Exercise brief: Without the pictures, give the listing below again exactly.
══ Data provided
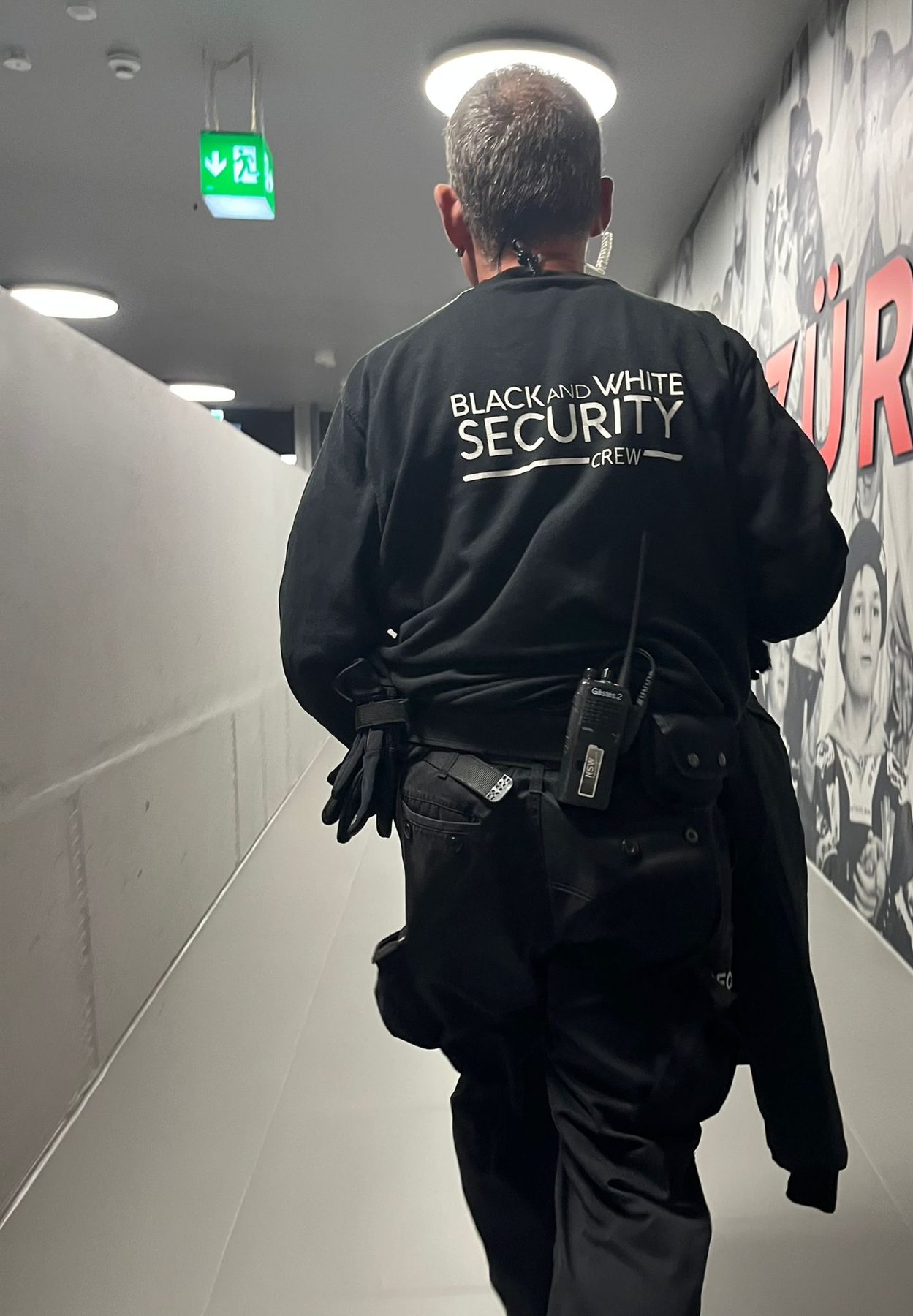 Sicherheitsmitarbeiter geht durch einen Korridor
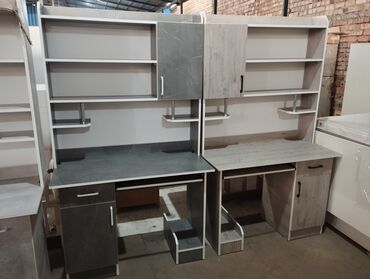 Компьютерные столы: Компьютерный стол, Новый, С полками — 12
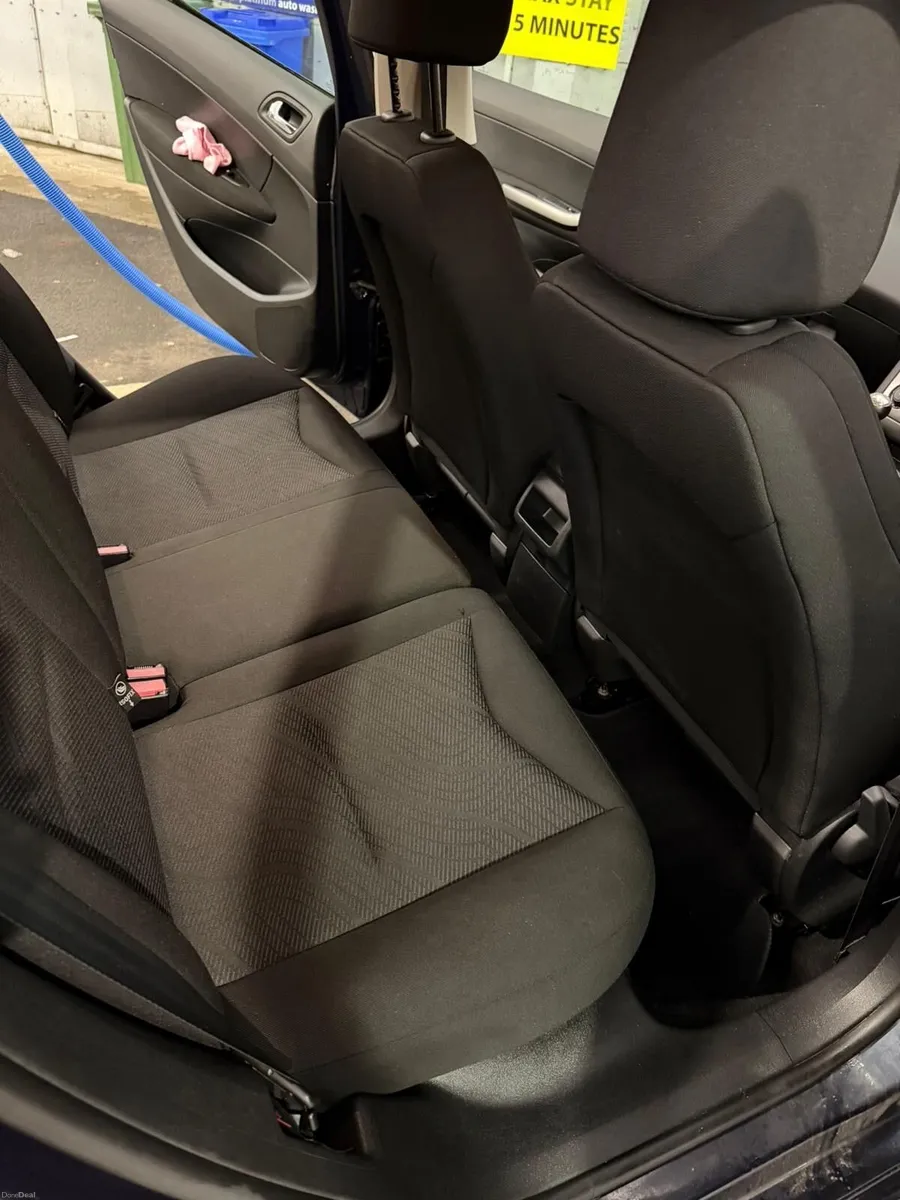 Peugeot 308 2013 - Image 3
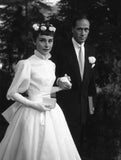 Vintage Long-Sleeved Small Small Small Wedding Dress 2026 New Travel Photo Photo In The Long-Term Hepburn Evening Dress HZ0517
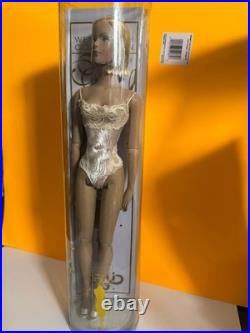 Tonner Tyler Wentworth Collection 16 FASHION DOLL NEW 2003
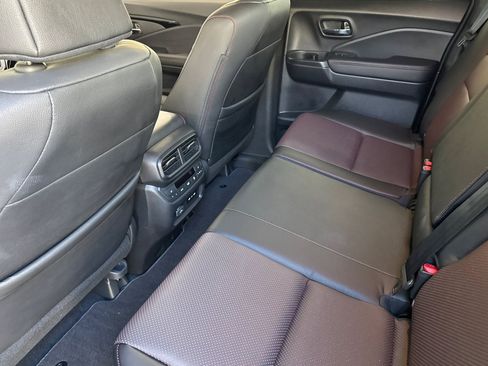 Certified 2025 Honda Ridgeline Black Edition image 28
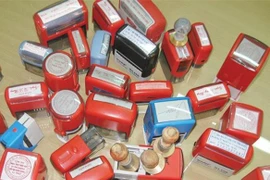 Tạm giam đối tượng làm giả con dấu, tài liệu cơ quan tại nhiều tỉnh
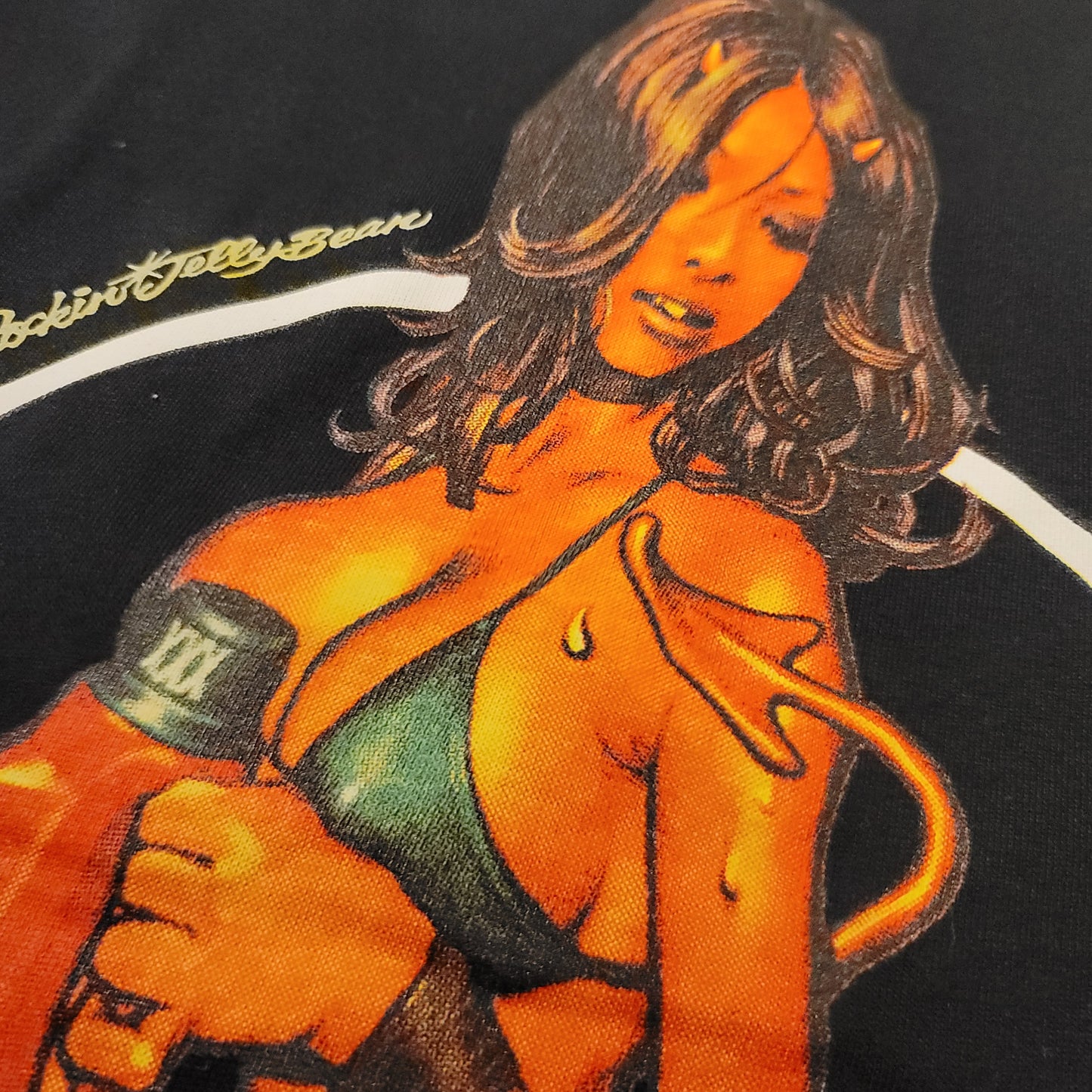 "Devil’ s House Wives vol.2" Pocket T-shirt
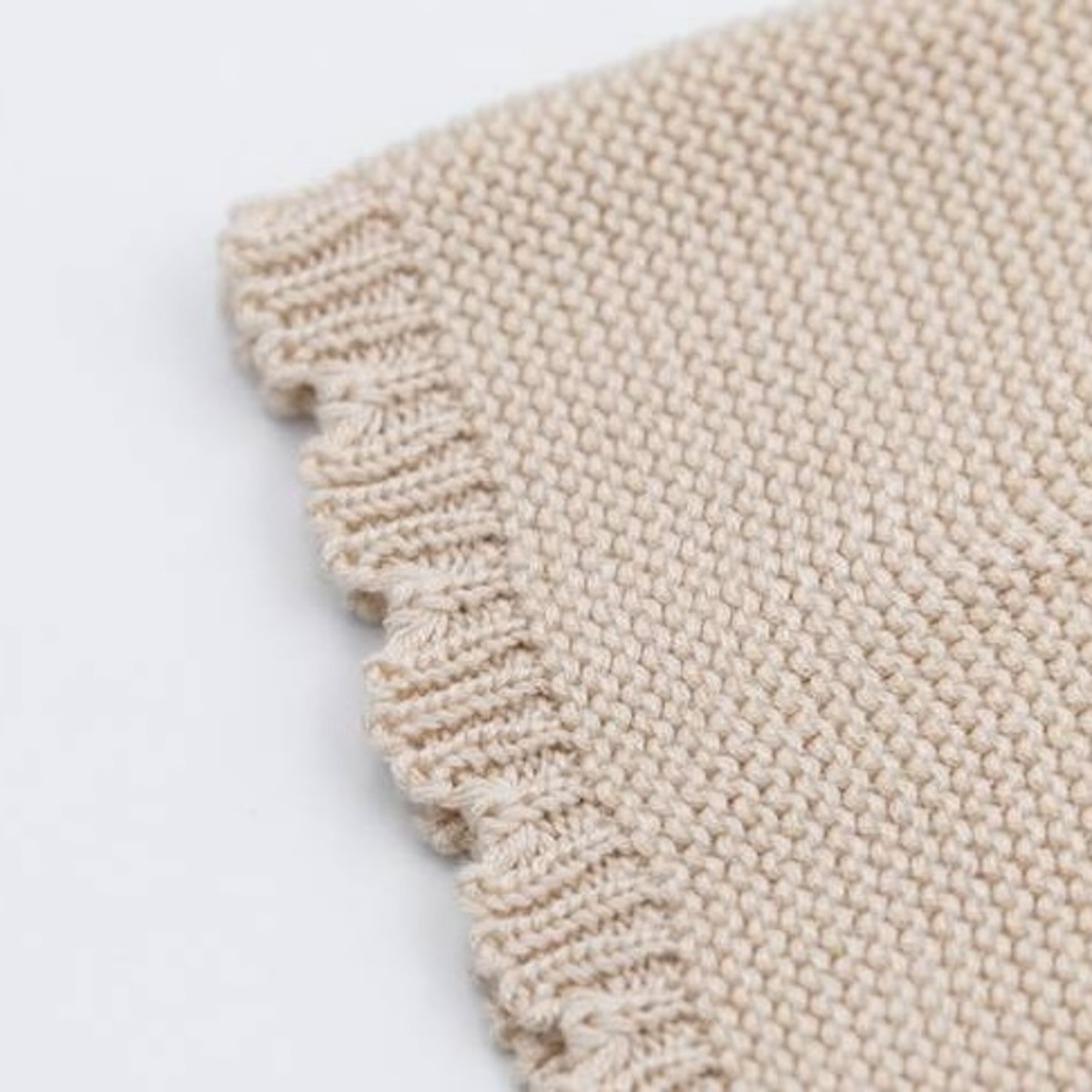 Doudou FISHES en tricot Bamboom birch sand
════
Solution:
 Sicherheitsmitarbeiter geht durch einen Korridor
 Компьютерные столы: Компьютерный стол, Новый, С полками — 12
 Peugeot 308 2013 - Image 3
 Vintage Long-Sleeved Small Small Small Wedding Dress 2026 New Travel Photo Photo In The Long-Term Hepburn Evening Dress HZ0517
 Tonner Tyler Wentworth Collection 16 FASHION DOLL NEW 2003
 Certified 2025 Honda Ridgeline Black Edition image 28
 Tạm giam đối tượng làm giả con dấu, tài liệu cơ quan tại nhiều tỉnh
 "Devil’ s House Wives vol.2" Pocket T-shirt
 Doudou FISHES en tricot Bamboom birch sand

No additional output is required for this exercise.